START Available data

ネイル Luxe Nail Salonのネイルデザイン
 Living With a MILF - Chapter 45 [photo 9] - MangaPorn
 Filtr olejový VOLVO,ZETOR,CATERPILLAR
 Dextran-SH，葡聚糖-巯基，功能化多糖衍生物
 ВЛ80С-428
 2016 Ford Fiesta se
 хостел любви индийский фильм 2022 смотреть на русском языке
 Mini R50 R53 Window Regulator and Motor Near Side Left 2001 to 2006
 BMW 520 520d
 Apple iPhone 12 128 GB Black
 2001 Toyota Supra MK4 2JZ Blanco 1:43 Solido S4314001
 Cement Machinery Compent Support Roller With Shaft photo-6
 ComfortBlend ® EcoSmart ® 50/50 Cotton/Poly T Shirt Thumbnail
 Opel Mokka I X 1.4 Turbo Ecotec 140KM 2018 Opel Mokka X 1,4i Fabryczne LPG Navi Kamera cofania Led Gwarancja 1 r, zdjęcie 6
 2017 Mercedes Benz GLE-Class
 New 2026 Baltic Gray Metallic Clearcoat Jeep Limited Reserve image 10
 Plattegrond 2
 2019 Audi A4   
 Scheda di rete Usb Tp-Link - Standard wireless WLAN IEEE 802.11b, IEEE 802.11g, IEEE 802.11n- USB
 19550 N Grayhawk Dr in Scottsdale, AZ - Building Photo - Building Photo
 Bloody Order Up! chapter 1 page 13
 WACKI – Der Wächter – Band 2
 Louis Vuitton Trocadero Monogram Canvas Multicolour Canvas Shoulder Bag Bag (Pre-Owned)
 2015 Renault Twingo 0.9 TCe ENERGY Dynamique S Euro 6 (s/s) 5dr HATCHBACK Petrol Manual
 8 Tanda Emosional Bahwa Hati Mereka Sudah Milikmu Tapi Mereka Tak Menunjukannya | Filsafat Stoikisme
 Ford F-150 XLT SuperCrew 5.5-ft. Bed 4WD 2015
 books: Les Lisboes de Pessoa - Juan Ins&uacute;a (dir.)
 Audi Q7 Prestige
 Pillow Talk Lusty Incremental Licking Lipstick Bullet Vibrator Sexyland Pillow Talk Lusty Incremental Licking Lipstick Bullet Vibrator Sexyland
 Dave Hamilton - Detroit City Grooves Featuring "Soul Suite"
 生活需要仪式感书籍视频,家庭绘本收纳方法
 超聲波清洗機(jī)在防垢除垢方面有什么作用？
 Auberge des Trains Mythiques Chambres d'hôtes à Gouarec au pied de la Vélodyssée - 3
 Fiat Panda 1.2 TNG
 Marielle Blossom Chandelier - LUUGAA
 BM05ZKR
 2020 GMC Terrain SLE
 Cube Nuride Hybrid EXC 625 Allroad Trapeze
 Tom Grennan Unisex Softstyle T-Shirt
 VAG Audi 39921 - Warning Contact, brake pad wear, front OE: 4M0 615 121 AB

END Available data

→ Instructions to follow
In the listing above, find the line containing "Cube Nuride Hybrid EXC 625 Allroad Trapeze", then reproduce it and each line after it through the end, exactly and with nothing added.

→ Answer below
 Cube Nuride Hybrid EXC 625 Allroad Trapeze
 Tom Grennan Unisex Softstyle T-Shirt
 VAG Audi 39921 - Warning Contact, brake pad wear, front OE: 4M0 615 121 AB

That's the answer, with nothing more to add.